# Cite de Europe?



## wasfitonce (Apr 27, 2009)

Hope to stay in the Cite de Europe MH park, next Thursday night. Is it still open?

WASFITONCE


----------



## BrianJP (Sep 17, 2010)

Yes it is .
Suggest you park well away from cordoned of area being used for storing building materials.Some people have said they are working at night.But I have stayed there several times in past 2 months and was as normal.


----------



## SueandRoger (Apr 14, 2008)

Stayed there 2 weeks ago and there was no noise at night.


----------



## Sideways86 (Feb 25, 2009)

Yes its fine as the OP's have said no work happening at night at all,

I have been there 3 times in last 10 weeks all is well enjoy your trip!


----------



## smugglersclose (Dec 6, 2008)

We were there two nights ago along with one other British and one French motorhome. No problems at all and a quiet night with no work taking place.


----------



## smugglersclose (Dec 6, 2008)

We were there two nights ago along with one other British and one French motorhome. No problems at all and a quiet night with no work taking place.


----------



## bigtree (Feb 3, 2007)

OP asked if it was still open!


----------



## Sideways86 (Feb 25, 2009)

it clearly is my the feedback


----------



## blaine (May 1, 2005)

We were there last week and yes there was work going on, a rather large crane was moving some "lamp posts" I was ok as I am deaf in one ear but Hubby heard it throughout the night so if the cordoned area is still there park as far away as possible.... unless you are also hard of hearing


----------



## GEMMY (Jun 19, 2006)

Or better still go to the yacht basin :wink: 

tony


----------



## Telbell (May 1, 2005)

can someone kindly provide co-ords for either Cite Europe or the Yacht Basin - or both!

THanks


----------



## wasfitonce (Apr 27, 2009)

I consider one of the best places to stay near Calais.
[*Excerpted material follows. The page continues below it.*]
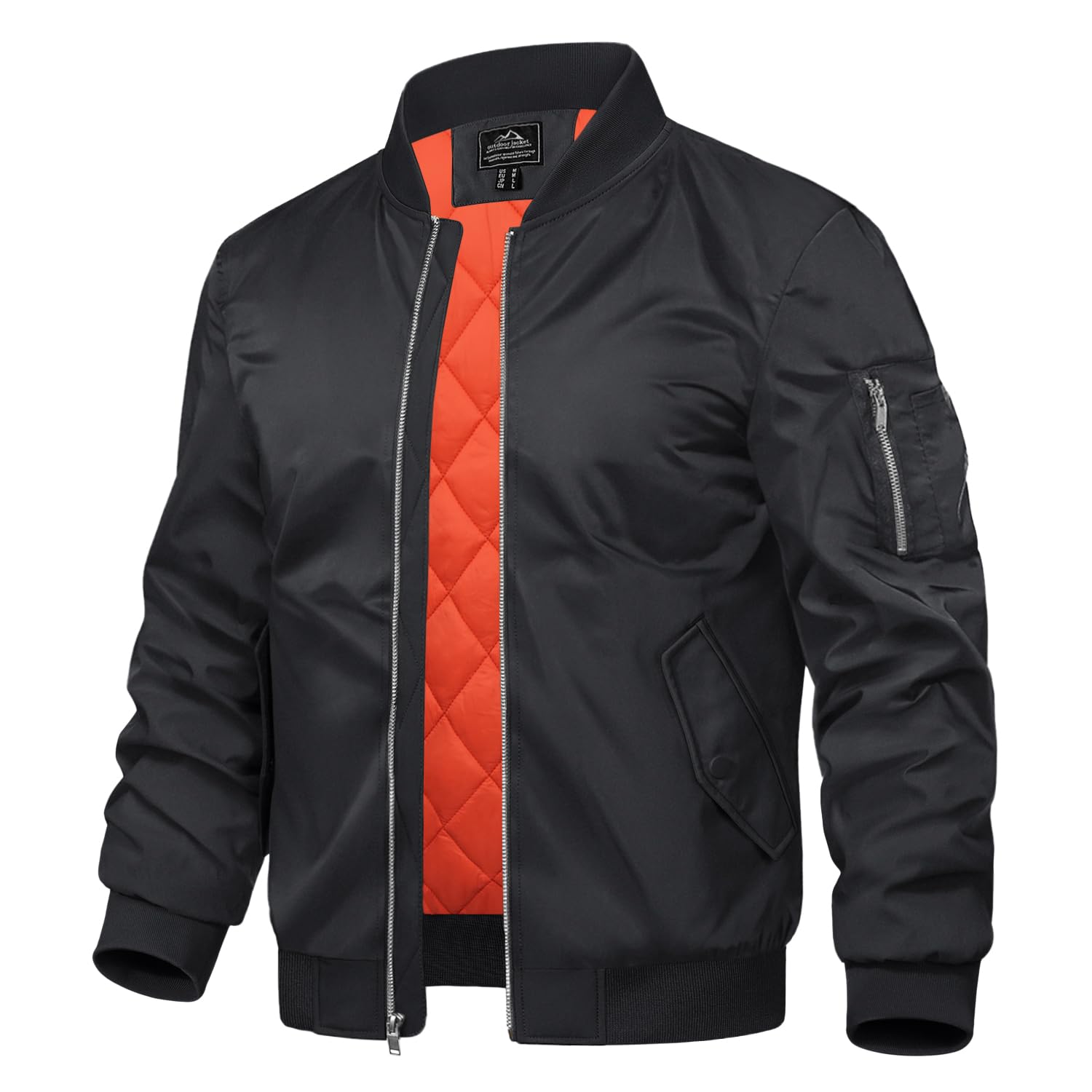 Windproof Windbreaker Thermal Quilted Mens Bomber Jacket for Warm Winter Padded Coats
| Mens Windproof Thermal Quilted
Not sure of the coordinates but the address is :- Boulevard du Kent,62231, Coquelles 62, Calais. off the A16 south west of Calais

We will be there Thursday night.

WASFITONCE


----------



## blaine (May 1, 2005)

Wasfitonce isn't this City D'Europe?


----------



## tonyt (May 25, 2005)

Telbell said:


> can someone kindly provide co-ords for either Cite Europe or the Yacht Basin - or both!
> 
> THanks


Cite Europe: 50.93289, 1.81106

Yacht basin: 50.96021, 1.84471


----------



## Telbell (May 1, 2005)

tonyt said:


> Telbell said:
> 
> 
> > can someone kindly provide co-ords for either Cite Europe or the Yacht Basin - or both!
> ...


thanks tony


----------